I have written so many articles about starting a business, striking off in new directions, etc., etc. that I can’t believe I failed to mention one of the most basic rules of them all when it comes to starting your own craft business.

Lower your cost of living to the point where you can pay for rent and food doing odd jobs or nothing at all for the next year forseeable future.

If you live in a comfortable suburban house and you have bailed out or were thrown from the corporate mothership, don’t expect that you are going to develop a craft business in less than six months and a decent customer base in less than a year.

During that time you will be laying out money for equipment and training and you will still have to pay the mortgage and all the other expenses for your lovely home. You will burn through your 401K and any savings faster than you can believe.

This also applies if you are setting up any kind of business that requires significant startup expense. You need to completely restructure your living arrangements so that your cost of living can be covered during the startup period and for some time beyond.

This calls for a great deal of resolve and understanding by all members of the family. Life is not going to continue in the same old way.

Sell the Land Rover and the McMansion outside Metropolis and look for an old farm with outbuildings that don’t leak too badly that you can buy for cash or on terms that give you a mortgage payment of a few hundred dollars a month. Buy a used van or pickup truck and a used car for cash.

Put enough money away to live on for six months and rethink your identity. You are starting over and you are no longer a senior manager or VP of anything. You need to get busy and learn your new trade in a big hurry. Take classes at a good craft school. Learn the ropes by working as an apprentice if you can. If your significant other is not engaged in learning a craft, she or he should find work that provides enough income that your bank balance does not dwindle.

Make everyone part of the new solution. Ideally, your new venture should provide work for all members of the family, but if the teenagers aren’t interested in your craft venture, they need to find employment and an educational path that fits your new circumstances.
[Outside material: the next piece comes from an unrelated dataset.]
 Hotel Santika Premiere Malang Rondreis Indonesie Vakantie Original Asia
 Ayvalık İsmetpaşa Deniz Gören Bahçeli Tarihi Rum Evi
You don’t have to follow this advice of course, because you can always choose to find another corporate berth instead of risking everything on your own business acumen. However, you will probably have to sell the house and the Land Rover anyway if you are over fifty because it may take you a year to find a new job and it will pay less than your last job.
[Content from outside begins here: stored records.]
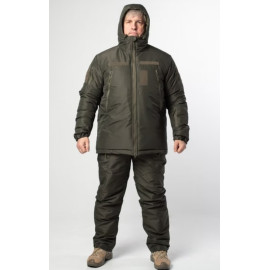 Куртка Nord Storm MILITARY PLUS Олива (MLPL1O)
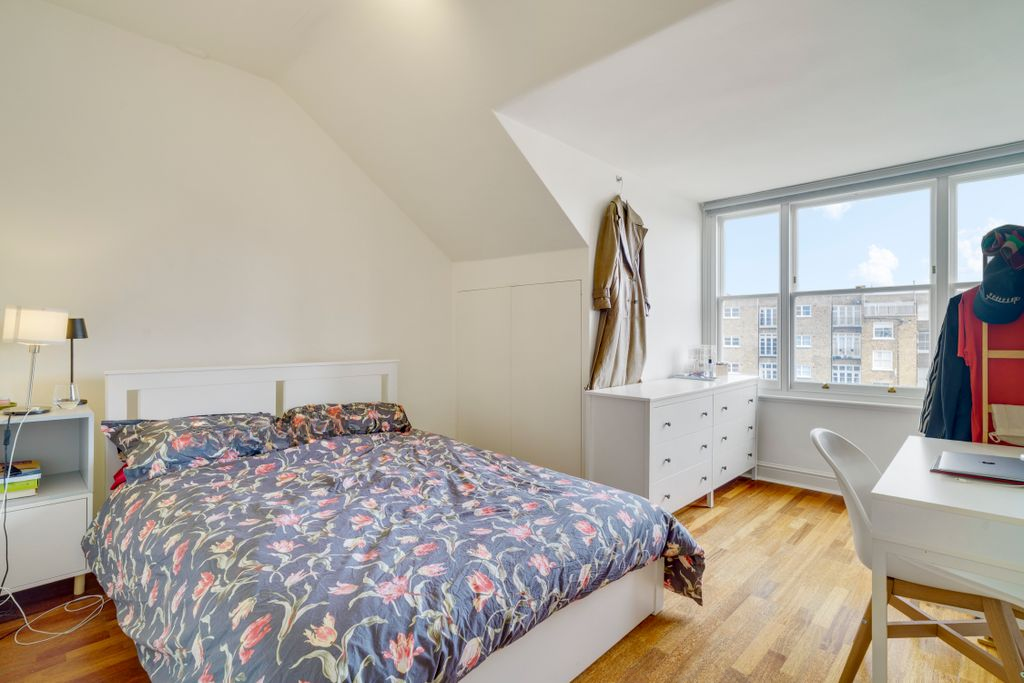 Квартира в Лондоне, Великобритания, 77 м² - фото 7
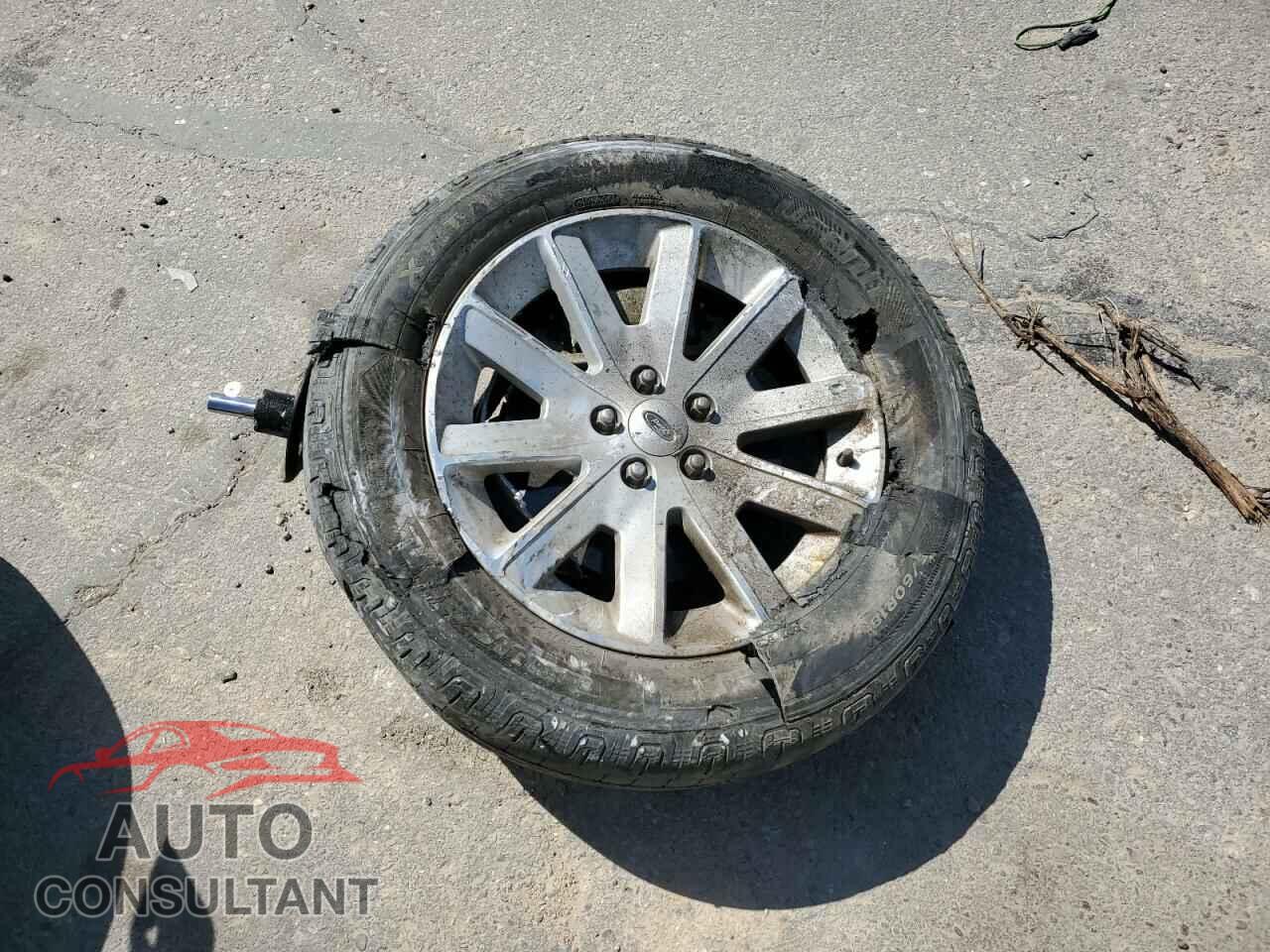 FORD FLEX 2011 - 2FMHK6CC5BBD26685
This may sound unduly grim, but it has been done by thousands of people and they have emerged from the experience stronger and more self reliant than ever before. The freedom that comes from managing your own destiny more than makes up for the temporary hardships of starting your own craft business.

Find any successful craftsperson or artist and ask how they lived until they became successful and you will hear a story much like I have described here.
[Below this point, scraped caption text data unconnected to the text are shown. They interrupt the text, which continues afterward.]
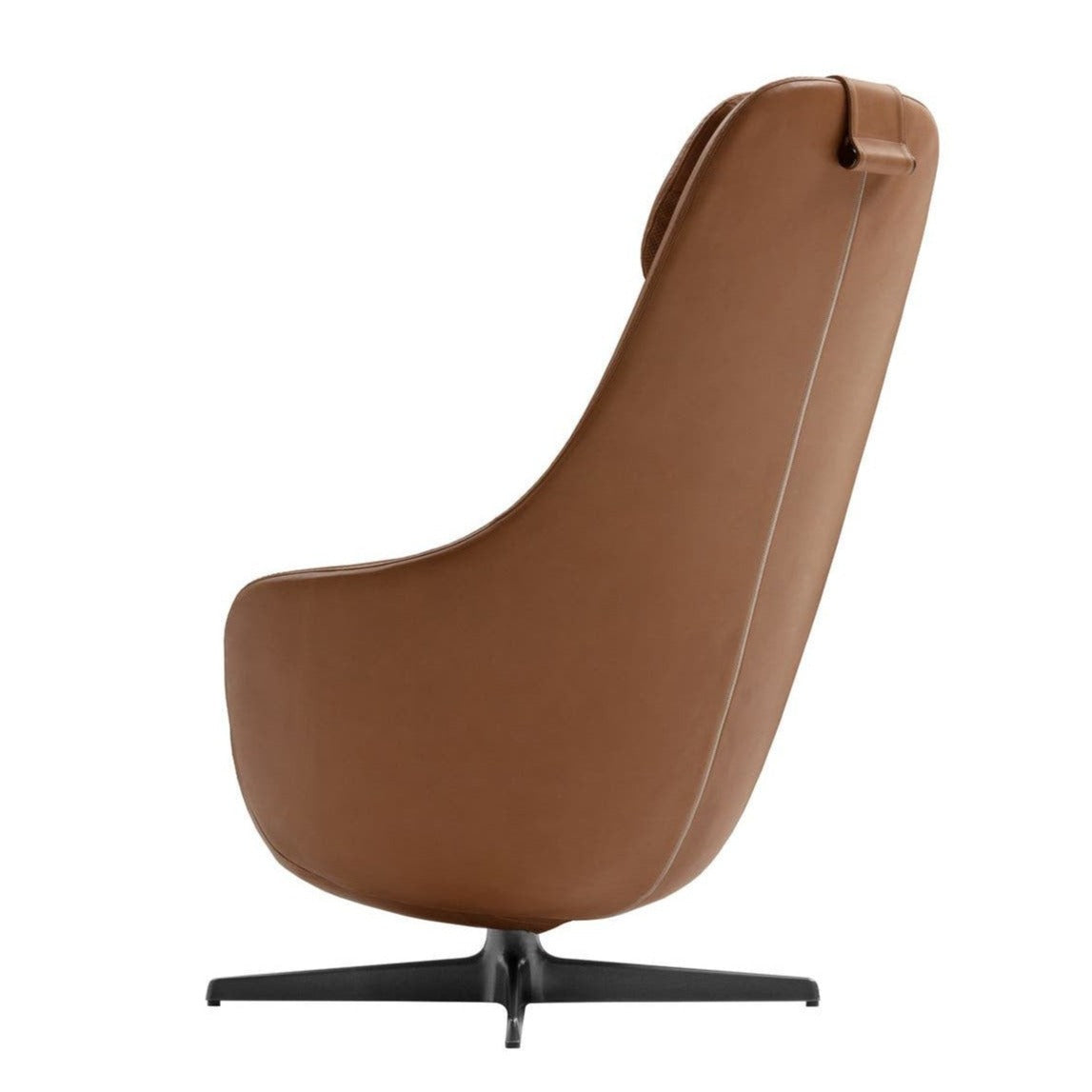 Harbor Laidback Armchair-B&B Italia-moderndesign.io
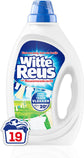Witte Reus Gel - Lessive Liquide - Pack de - Vrac - 100 Lavages - E-menage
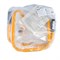 UFV-F01/50-220 YELLOW N1 Подставка переносная для прожектора. Регулируемое крепление. Корпус желтый. TM Uniel UL-00013119 - фото 81138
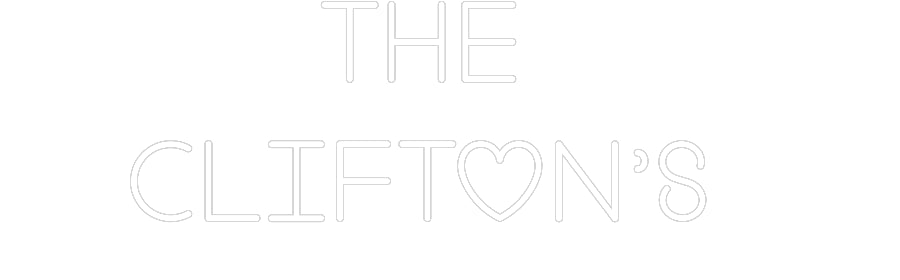 Custom Neon: The 
Clifton...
Talk to artists and craftspeople who quit after a short, unsuccessful attempt at starting a career in the arts and you will find that they ran out of money before they could become self-supporting. You will also find that their lifestyle had a lot of creature comforts that did nothing to advance their careers.

Whether this change in life is a forced decision or a free choice, changing your lifestyle and cutting your costs to the bone will give you the best chance of a successful transition.

If you have gotten this far, it has probably occurred to you that this same advice applies if you are embarking on a career as a writer or a musician. Your lifestyle has to be leaner and meaner than you ever imagined if you are to succeed.